When I reached my fifties I began driving a cab and this is when the fun began.  Having a case of IBS with associated diarrhea  and sometimes needing four to five serious toilet stops made for some nail biting trips.  After these I would feel punched in the belly.  I give myself credit, I managed to keep on working in spite of this.  I put off taking a probiotic for years thinking it wouldn't help but was proved wrong.  After they began to do their magic I could occasionally have what I called purges, that is four to five toilet stops in a day but I didn't always have to run to the bathroom.  In fact, when I finished working eighteen months ago I felt that part of my anatomy had calmed down.  Foolishly two months ago I stopped taking the probiotics and the IBS has suddenly started again.  Not so much the rush to the bathroom but bowel spasms and pain after going.  I had a colonoscopy eighteen months ago and again six months ago and, typical of IBS, nothing shows as wrong.

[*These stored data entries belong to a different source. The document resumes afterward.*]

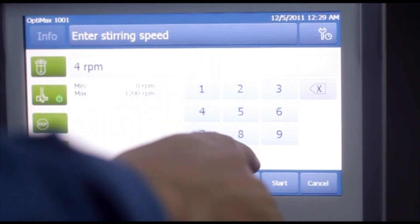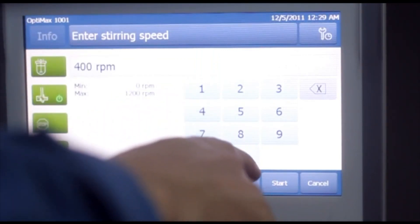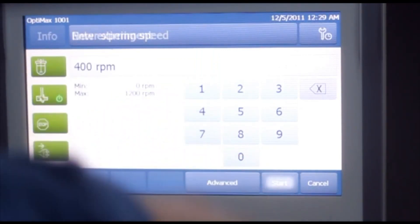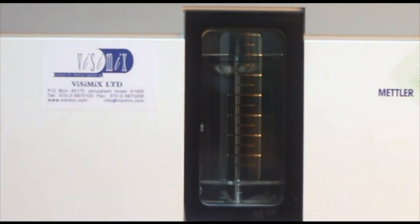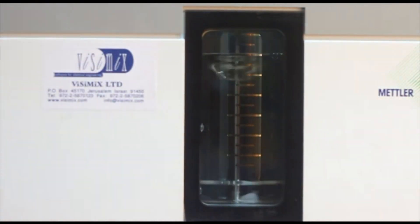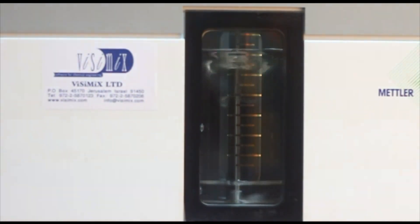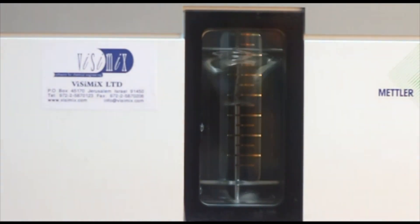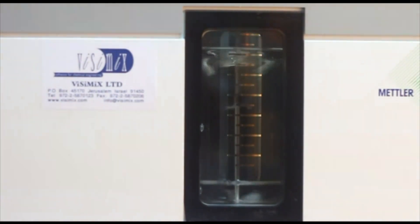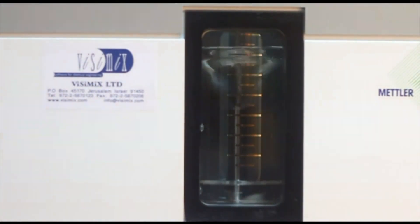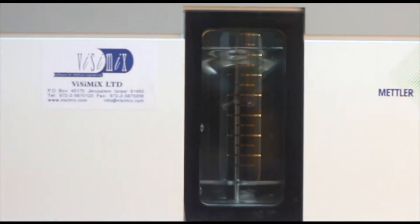OptiMax doesn't need an ice bath, heating mantle, or cryostat. It's easy to operate and allows chemists to run reactions from minus 140 to 180 degrees Celsius in a variety of reactors ranging from 250 milliliter to 1 liter.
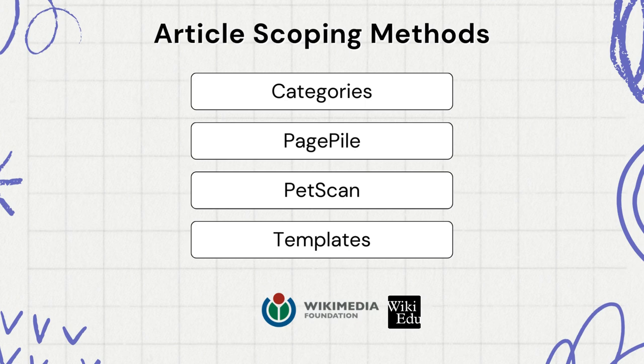There are four article scoping methods. These are categories, page pile, PetScan, and templates.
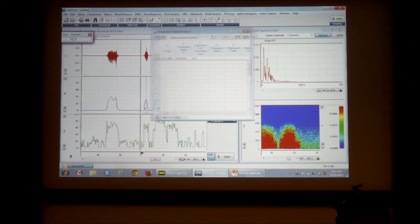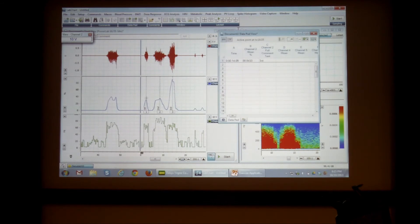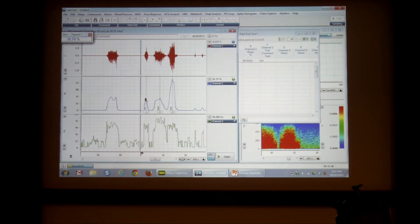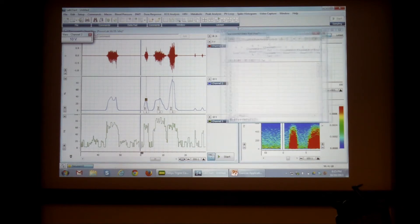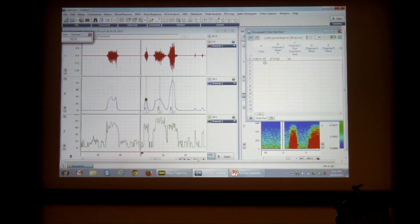So now all I need to do is I can select my data. I'm just going to select a region around the top of my peak. And I click on add.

I honestly think that the human body is the most remarkable thing.  It is an incredible symphony of functions that mostly run smoothly without any interference from us.  That we have to put up with pain and discomfort when things are out of whack is the price we pay for being biological entities.  I have essential tremor in my hands, nothing serious but a nuisance.  I have reasonably bad eye floaters but my eyes are in good shape so the floaters are only a nuisance.  I have spectacular bunions that I refuse to have fixed as they don't hurt and they're so misshapen that each big toe will have to be fused to the foot and I'm not crazy about the idea.  The one thing that has bugged me all my life, however, is my gut.  It can take the joy out of a day and I know how many people out there have the same problem.  I'm not whinging on my own account, I'm just saying that I'm one more person out there with IBS and some other irritating conditions.

Thank God that in my sixty eight years these things are the worst that has happened to me.  Oh, I've had some psychological problems but most of us do.  I'm lucky to have all my limbs, my senses and my faculties but when people say that something is a pain in the butt, I know exactly why that expression came about.